Expectations of record crop hang over soybean market

*

China demand worries offset strong weekly exports, softer

dollar

*

Next week's U.S. Midwest crop tour eyed for corn, soy

yields

(Changes byline/dateline, updates headline, updates throughout,

updates prices)

By Heather Schlitz

CHICAGO, Aug 16 (Reuters) -

Chicago Board of Trade soybeans and corn futures eased on

Friday, with both poised to set a weekly loss, as farmers kept

clearing out their grain bins ahead of a U.S. harvest that is

forecast to see massive yields, traders said.

Wheat futures firmed as problems with the French and

German wheat crop, plagued by excess harvest-time rain,

supported prices.

Most-active CBOT wheat ticked up 4-1/4 cents to

$5.32-1/2 a bushel as of 1600 GMT, was corn was last down

2-1/4 cents at $3.94-3/4 a bushel.

Meanwhile, most-active soybean futures were down 7

cents at $9.61 a bushel - and dipped at one point to $9.55 a

bushel, the lowest since September 2, 2020.

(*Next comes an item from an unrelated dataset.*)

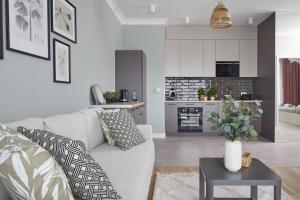 Metro Imielin Apartments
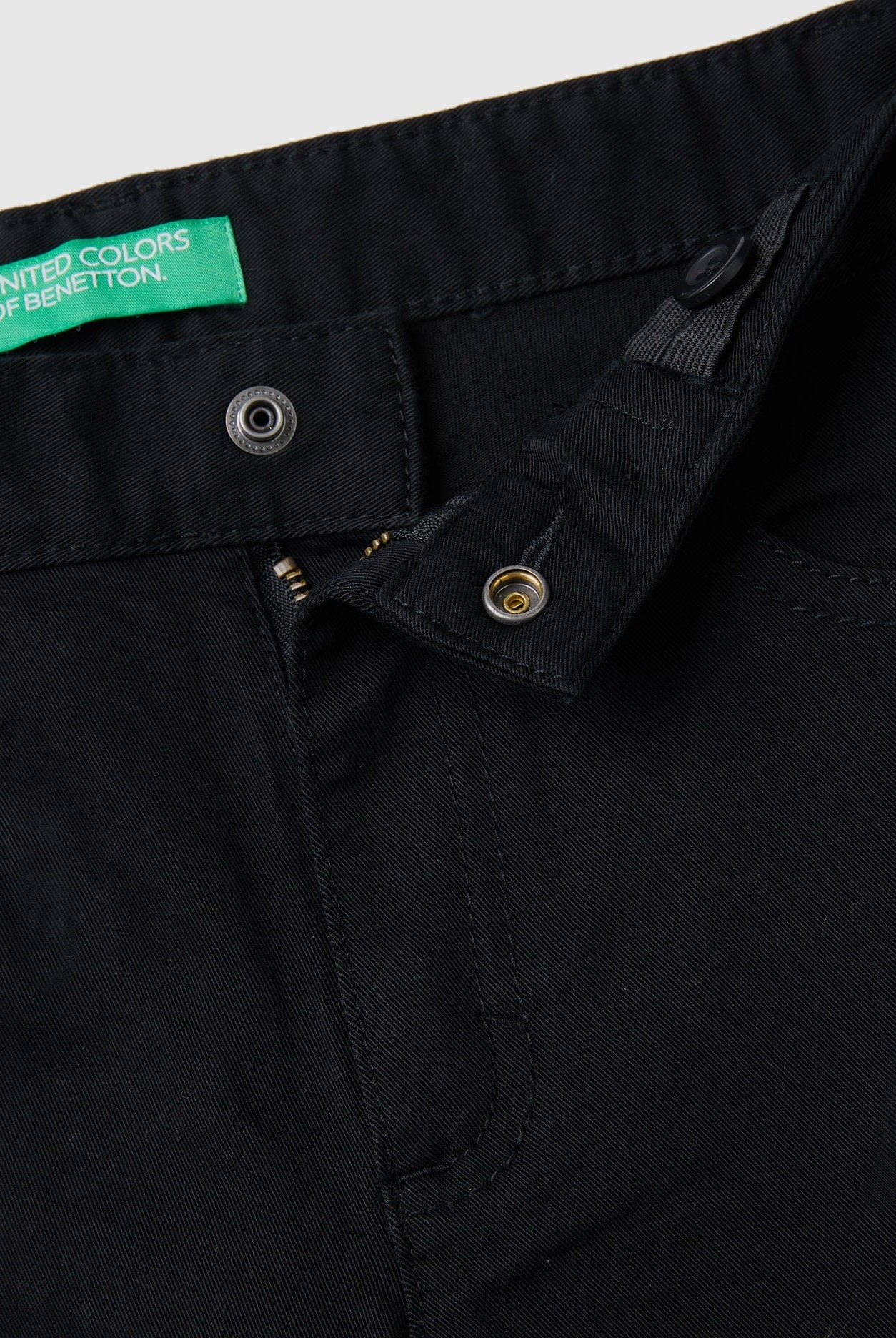 يونايتد كولورز اوف بينيتون بنطلون سليم فيت ولادي بخمس جيوب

U.S. wheat futures have continued to face pressure from

a strong Black Sea wheat crop. However, the French soft wheat

crop, which is expected to be the smallest

since the 1980s

, and a declining German crop have provided a floor under

prices.

All three crops were trading close to their lowest since

2020 against a backdrop of large U.S. supplies and stiff

competition from Brazil and Russia to capture limited demand.

Farmers have been selling off huge volumes of old crop

corn and soybeans to generate much-needed cash flow ahead of the

fall, when property taxes, crop insurance and other bills come

due, traders said. Meanwhile, funds continue to hold large short

positions on U.S. commodities, leaving the market open to short

covering.

"It's a perfect storm for funds," Darin Fessler, trader

at Lakefront Futures and Options, said. "They're thinking about

getting out of their massive shorts while producers are

selling."

Renewed concern about China's economy and weak Chinese

demand for U.S. soy also weighed over U.S. soy futures, traders

said.

"The Chinese economy isn't exactly hunky dory," Fessler

said. "Demand hasn't been great, and it's putting further

pressure on U.S. prices even though U.S. beans are cheap."